Todos esses processos, uccāra, karaṇa, dhyāna e sthāna-prakalpanā são chamados de upāyas de jīva, o recurso do indivíduo, e eles existem no Āṇavopāya.

O Āṇavopāya é o recurso encontrado no mundo da dualidade e é chamado de bhedopāya. O recurso que existe no mundo da mono-dualidade, mundo onde dualidade e não dualidade existem conjuntamente, é Śāktopāya é chamado bhedābhedopāya. Aquele recurso que existe no mundo do monismo puro (abheda) é o Śāmbhavopāya e é chamado de abhedopāya.

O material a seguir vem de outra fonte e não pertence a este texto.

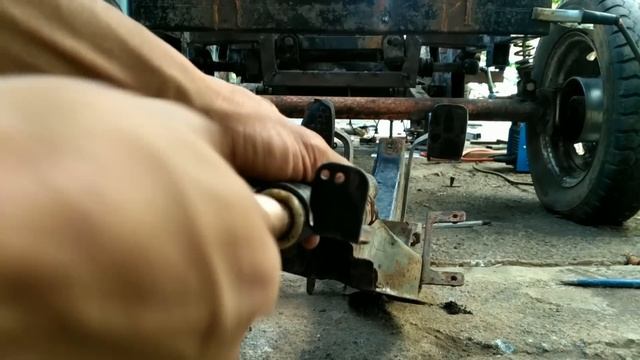 Mini Jeep dari Rongsokan Motor Roda 3 смотреть онлайн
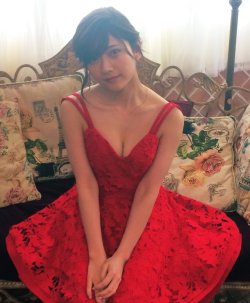 soimort48:  山田麻莉奈 ファースト写真集 まりり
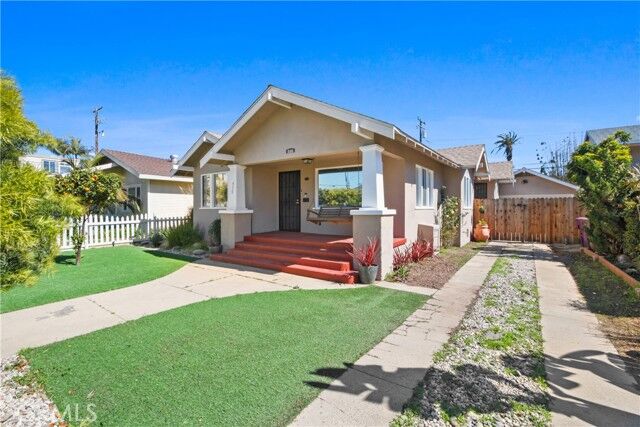 Property Photo: 930 Gladys Avenue CA 90804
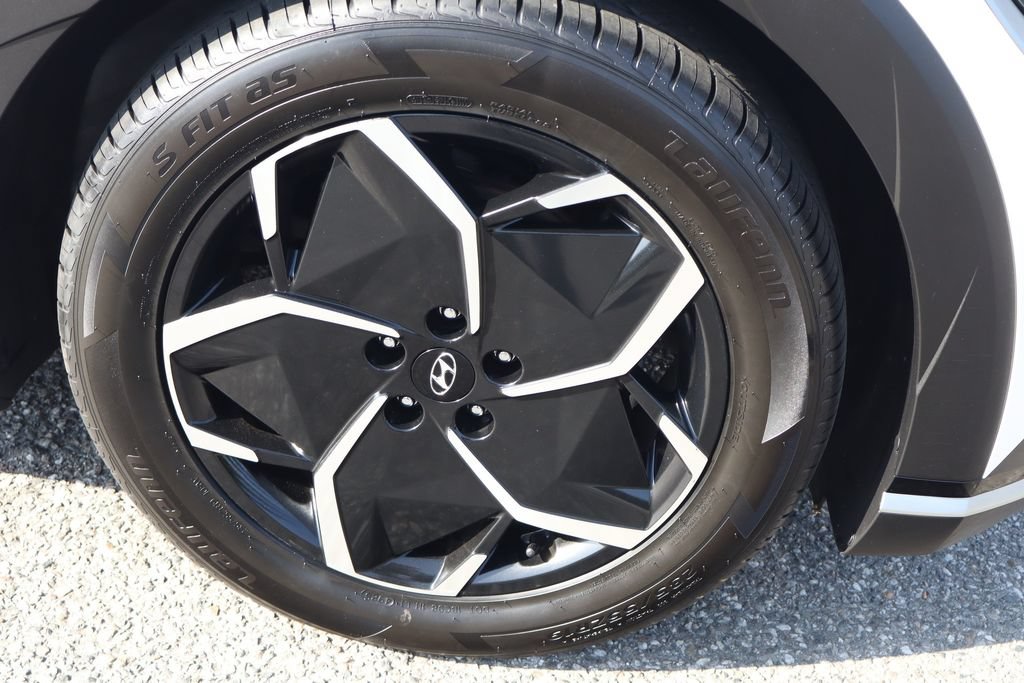 Used 2024 Hyundai Ioniq 5 SEL RWD image 10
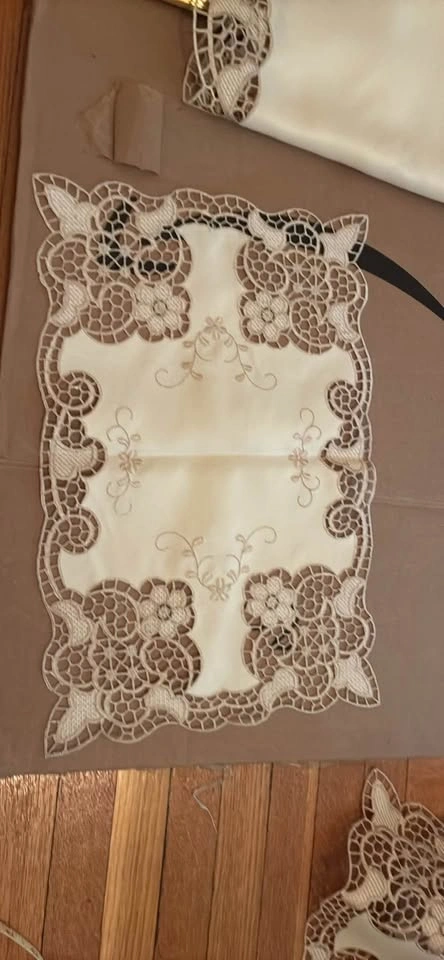 Vintage table cloth with crochet edges/design - photo 3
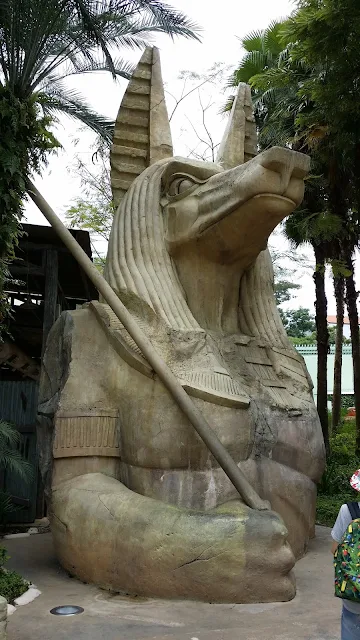 新加坡環球影城-古埃及園區-狗面巨人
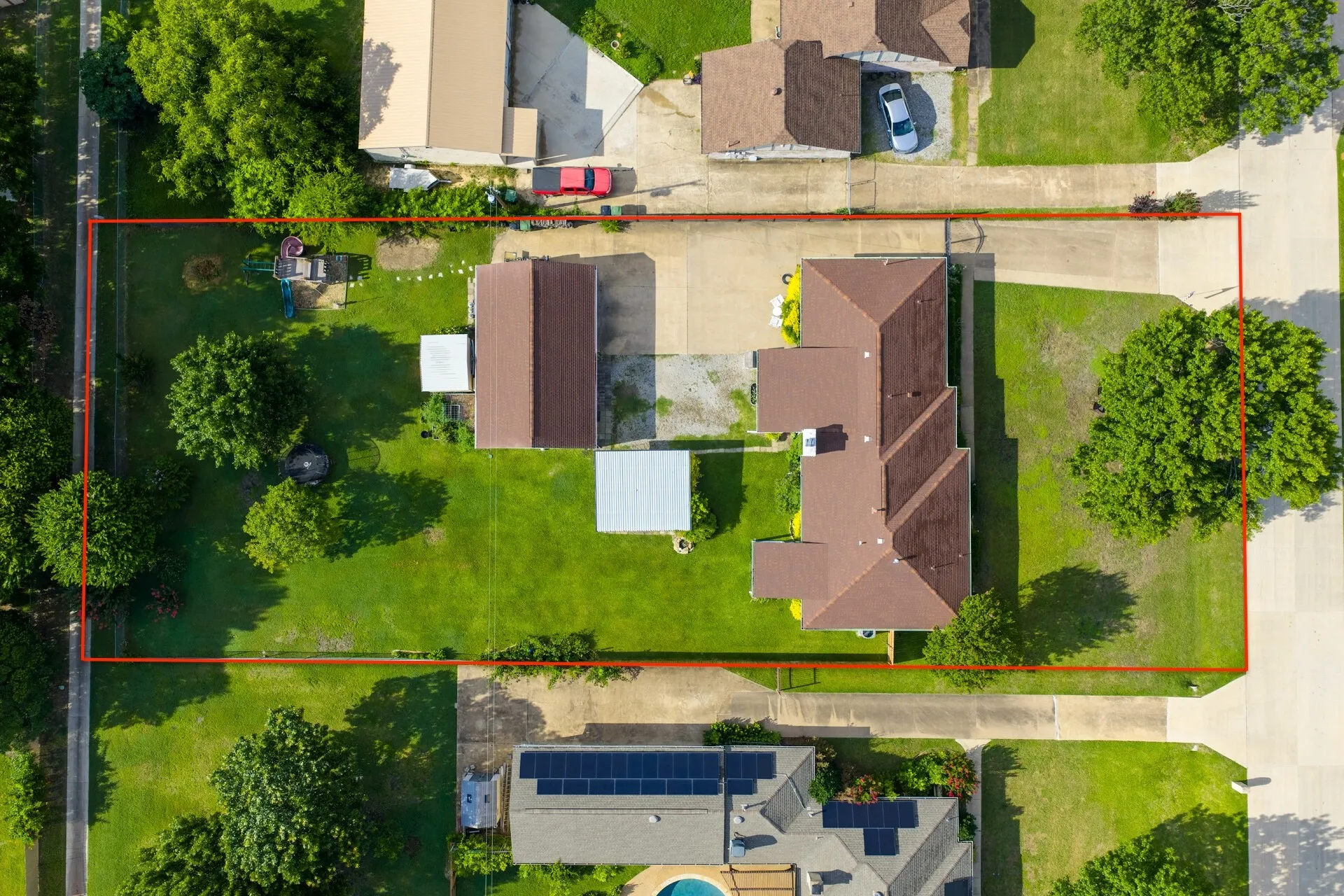 Single Family Residence For Sale in Collin County , 708 Summer Place, Murphy, Texas 75094, 3 Bedroom, 2 Bathroom, 3 Garage spaces, 2,359 Sqft, built in 1981, mls#21318764, Real Estate Agent in Murphy, Homes For Sale in Collin county, Homes For Sale in Murphy, Realtor in Murphy Texas, Real Estate Brokerage Independent Realty Texas, Luminita Cordes Realtor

Śāmbhavopāya é também chamado de icchopāya, enquanto recurso que existe em icchā-śakti. O recurso que existe em jñāna-śakti é Śāktopāya e é chamado de jñānopāya. Āṇavopāya é chamado de kriyopāya porque é o recurso que é encontrado em kriyā-śakti.

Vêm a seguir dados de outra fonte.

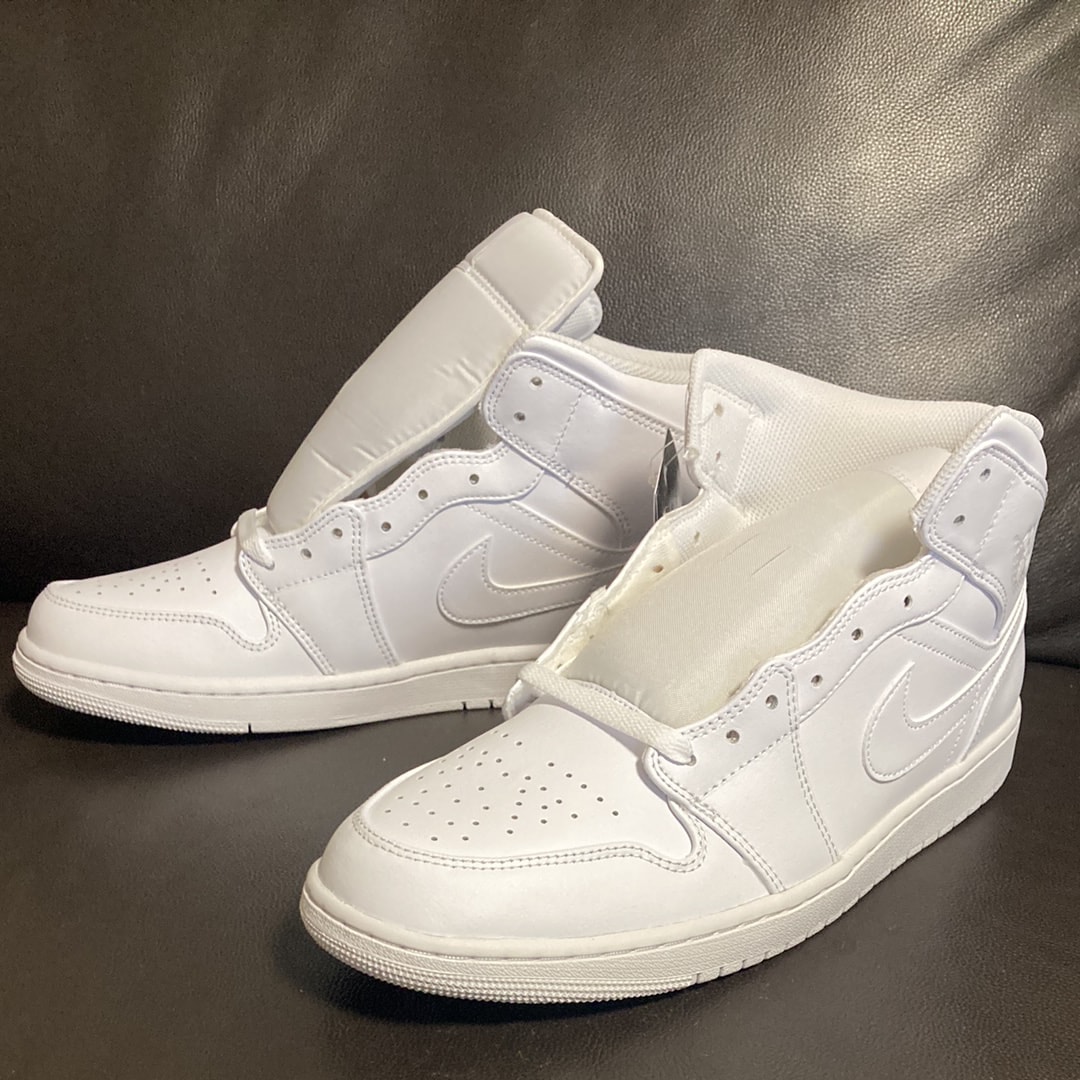 Nike Air Jordan 1 Mid "Triple White"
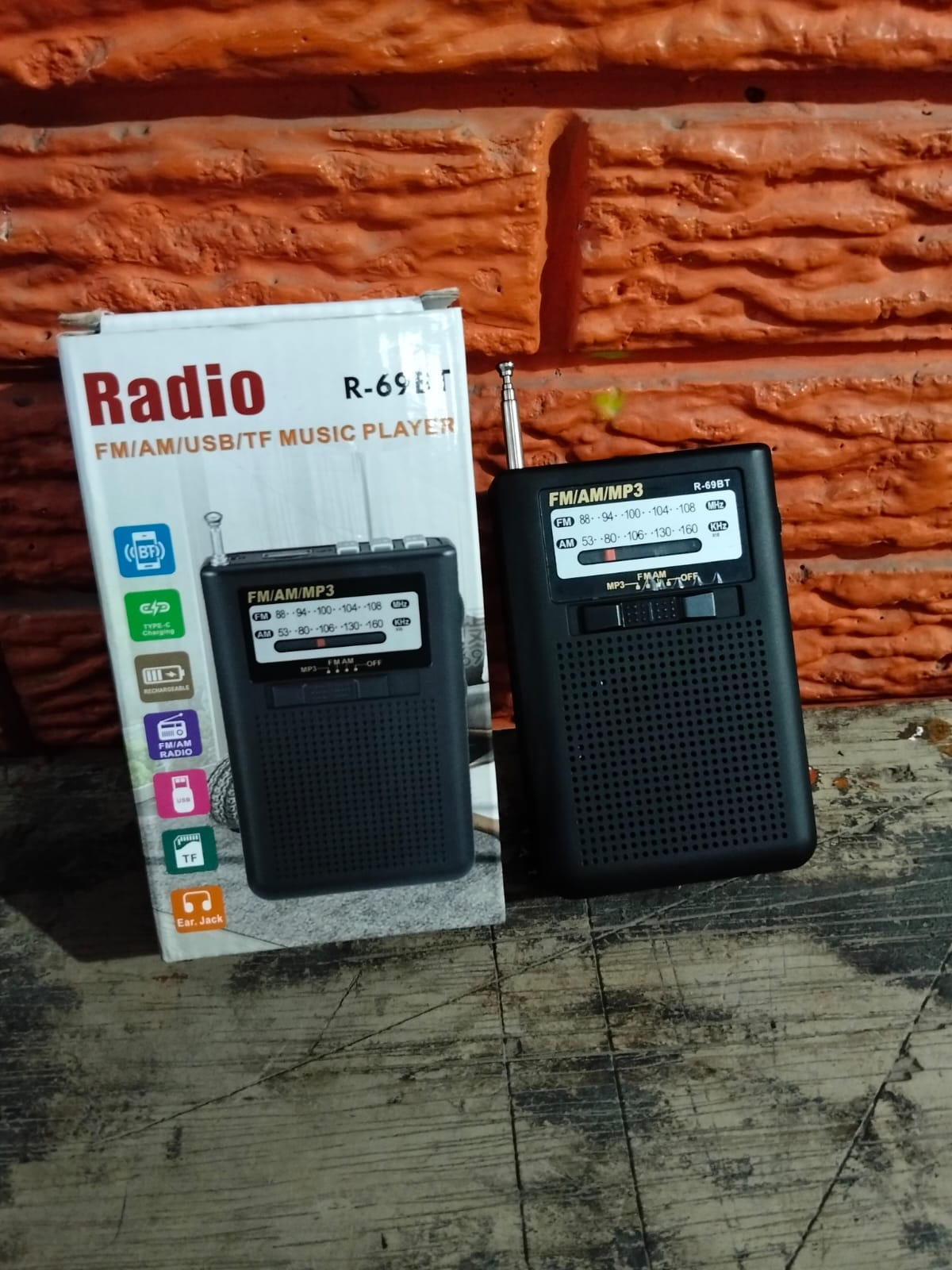 radio pequeño Fm/Am bluetooth recargable y a pilas Cod:1390 driver:03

A diferença entre Āṇavopāya, Śāktopāya e Śāmbhavopāya é esta. No Āṇavopāya, a força de sua consciência é aquela em que você deve buscar amparo em todas as coisas para manter e fortalecer sua consciência. Ainda que você se concentre no centro, você deve obter o suporte em dois elementos para concentrar-se naquele centro. No Śāktopāya, sua consciência é ampliada na medida em que somente um único ponto é necessário para sua concentração, e esse ponto é o centro. No Śāktopāya, você inicia com o centro e então passa a estabelecer-se ali. No Śāmbhavopāya, a força de sua consciência é aquela em que nenhum amparo é necessário. Você já reside na realidade a ser alcançada. Não há onde ir, você já reside no seu próprio ponto. O resto é automático.

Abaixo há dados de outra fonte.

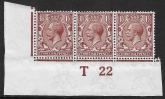 KGV.  1½d brown  control T22 corner strip 3 Royal Cypher imperf  M/M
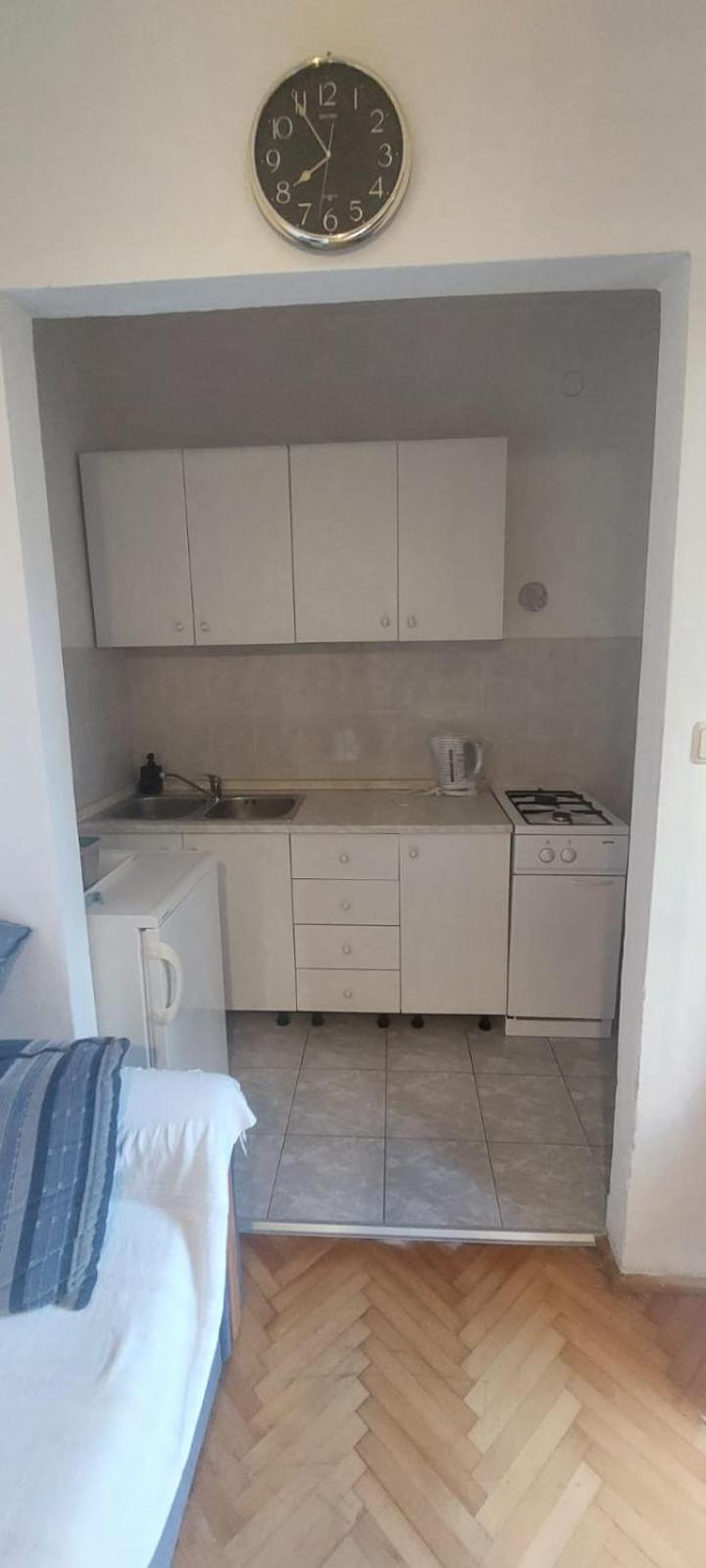 Apartments Ticinovic Omis Bagian luar foto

É importante perceber que, ainda que haja diferentes upāyas, todos eles conduzem ao estado da consciência unitária transcendental. A diferença entre esses upāyas é que o Āṇavopāya o conduzirá por um longo caminho; o Śāktopāya, por um caminho mais breve; e o Śāmbhavopāya, por um mais breve ainda. Ainda que haja caminhos diferentes, o ponto a ser alcançado é único.

Anupāya

Além desses três upāyas, Āṇavopāya, Śāktopāya e Śāmbhavopāya, há um outro upāya. Ainda que não seja de fato um upāya, ainda assim ele é mencionado no Śaivismo da Caxemira. Esse upāya é chamado de anupāya. A palavra anupāya significa não upāya. O estado de não pensamento é chamado de Śāmbhavopāya. Unidade de foco é chamada de Śāktopāya. A concentração e seus amparos, como o mantra, a respiração e outros elementos, são chamados de Āṇavopāya. Além de todos esses, há o anupāya. No anupāya, o aspirante deve apenas perceber que não há nada a ser feito. Esteja como já está. Se você está falando, continue falando. Se você está sentado, continue sentado. Não faça nada, resida apenas em seu próprio ser. Essa é a natureza do anupāya. O anupāya é atribuído à ānanda-śakti de Śiva e é chamado também de Ānandopāya.